Tuesday, January 19, 2010

Calculating heat loss from a box or cylinder

A student writes: "I was thinking back to a lab we had at the ITC facility where we used a formula to determine the amount of energy from a cardboard box that had a 60 watt lamp underneath it. Do you have the specifics for that exercise and the formula used to obtain the results? I was wondering if I could use the formula to calculate temperatures under other types of materials (metal enclosures)."

The “watt loss” or “mystery box” lab uses a cardboard cylinder with a light bulb inside. We change the bulb occasionally, using anything from 25 to 75 watts or so. We also use a spaghetti pot as a cylinder.

If you measure the area of the box or cylinder and also measure the average surface temperature, you can calculate the total wattage. This assumes that there is no loss through the bottom. Not quite true, but we insulate the bottom of the cylinder to minimize heat losses. Since we perform this experiment in still air, we assume all natural convection (not forced). The formulas used can be found in any standard heat transfer or engineering handbook. This information and experiment is covered in our Level II and Level III classes.

The purpose of this lab is to simulate an oil filled circuit breaker, or similar device, that is heating up. Any heat losses through the bottom or by wind simply means that the device is actually generating more watts than you have calculated.

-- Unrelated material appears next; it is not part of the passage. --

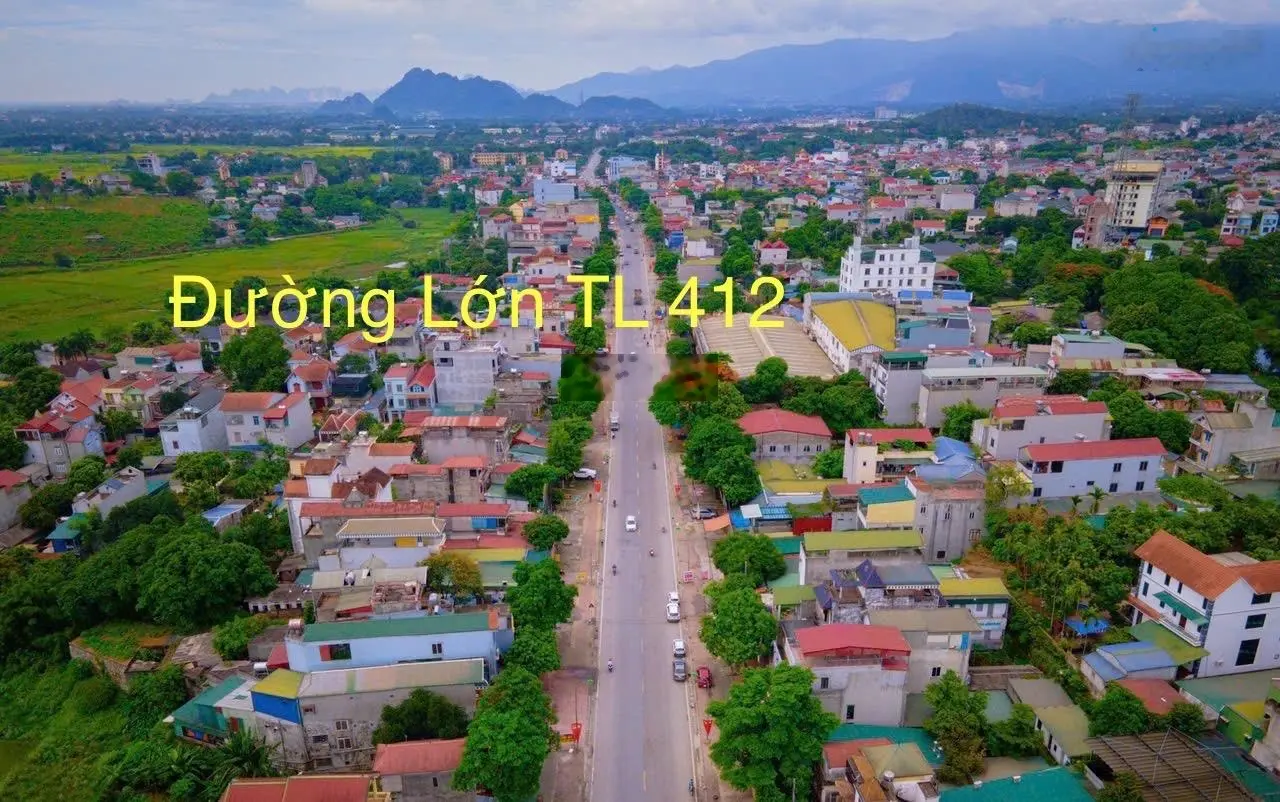 Lô đất S= 104,9m2 vuông vắn, gần ngay đường TL412B. Cách trường học, chợ cóc 100m. Sẵn sổ hồng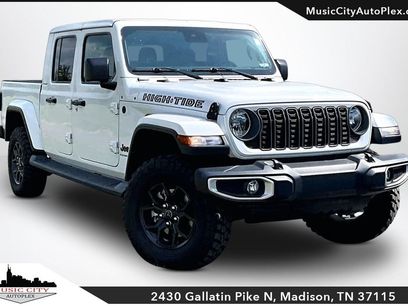 Used 2025 Jeep Gladiator Sport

Once you calculate the power in watts, if you measure the current you can calculate the internal resistance. For OCB’s this is measured in micro-ohms.

Bob Madding created an application to calculate the wattage and internal resistance. This has been included on the Utility or Resource CD that we pass out in class. He also wrote a paper on this. It was presented at the 2001 InfraMation conference. The proceedings are available at the ITC web store.